Best Advice for Preaching
Author: Edited by John S. McClure
Publisher: Minneapolis: Fortress Press, 1998
170 pages, ISBN 0-8006-2997-3, Paperback
Reviewed by Rev. Garth Wehrfritz-Hanson
For starters, a confession: I’ve been rather tardy in reading this work and reviewing it, even though it has sat on my bookshelf for several years now.
This volume, edited by Professor John S. McClure, is a compendium on the art and craft of preaching in the late twentieth century North American context, from an ecumenical perspective. The contributors are clergy and professors from most of the mainline Protestant and Roman Catholic denominations. Altogether, there are twenty-seven contributors.
The book has a well-organized structure, consisting of a preface, and ten chapters. The chapter titles are as follows: 1. The Calling of the Preacher; 2. Getting a Message; 3. Patterns in Sermons; 4. Collecting Supportive Material; 5. Organizing Material; 6. Polishing the Sermon; 7. What to Do while Preaching; 8. Coordinating with the Rest of the Service; 9. Feedback; 10. Essential Resources for Preaching. Each chapter was organized by a homiletician, begins with a brief introduction, followed by the following sections: Goals, Instructions, Things Encouraged And Discouraged, Best Answers to Questions, Conclusion, and Bibliography. Some of these chapter sections may also have sub-sections.

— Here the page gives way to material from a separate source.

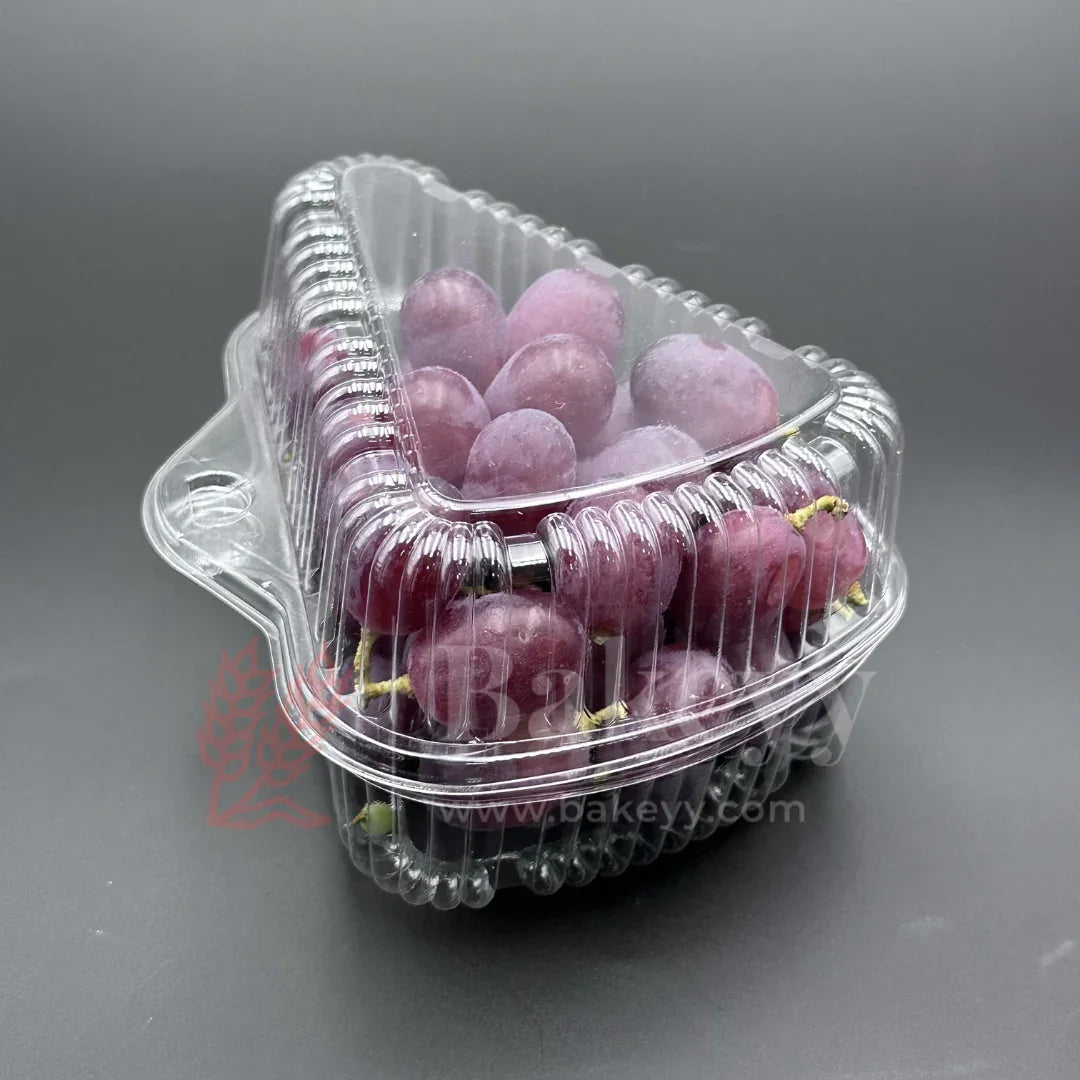 Clear plastic container with red grapes on a gray background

Even though one contributor organized the chapters, there are an abundance of quotations from other professors and clergy in each chapter. Readers will find themselves inspired and most likely even provoked by these quotations; which may well lead preachers to further dialogue, debate, study and practice.
Here are three examples of quotations cited: In chapter three, Patterns in Sermons, organized by Professor Thomas G. Long, he cites the following quotation from William Sloane Coffin: “It is a good idea to keep making fresh what is familiar. For example, preach a series on the Lord’s Prayer, the Sunday liturgy, or the Twenty-Third Psalm.” (p. 49)

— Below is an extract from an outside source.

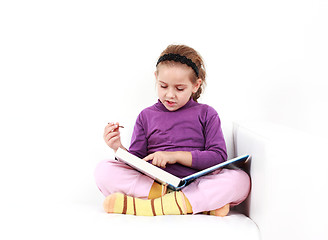 Image showing Girl reading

Chapter five, Organizing Material, organized by Professor John S. McClure cites the following quotation from Barbara Lundblad: “I encourage preachers to be guided by the form of the Scripture itself. Scripture offers at least the following shapes: visual images, narratives, parables, letters, prayers, songs, conversations, laments, teachings, oracles, visions, and more.” (p. 70)
The catchy title of chapter seven, What to Do while Preaching, organized by Professor Mitties McDonald de Champlain, cites the following quotation from Fred Craddock: “Once the sermon begins, the total self becomes servant of that message—the voice, the face, the hands, the mind, the emotions, the imagination. All one is and has is burned as fuel in the preaching. One is aware of everything and of nothing. The message is delivered by re-experiencing it in public, and when it is finished, one is both exhausted and exhilarated.” (p. 115)
After reading the final chapter, Essential Resources for Preaching, organized by Professor Thomas E. Ridenhour—I realized how dated this volume is. Although Professor Ridenhour offers some excellent resources for preaching, nonetheless since 1998, when this work was published, there has come into the forefront a wealth of resource material for preaching on the Internet—none of which the author cites in this chapter.
In conclusion, I do recommend this volume, with the qualifier that it needs to be remembered there are limitations for contemporary preachers insofar as the work omits significant resources widely available online.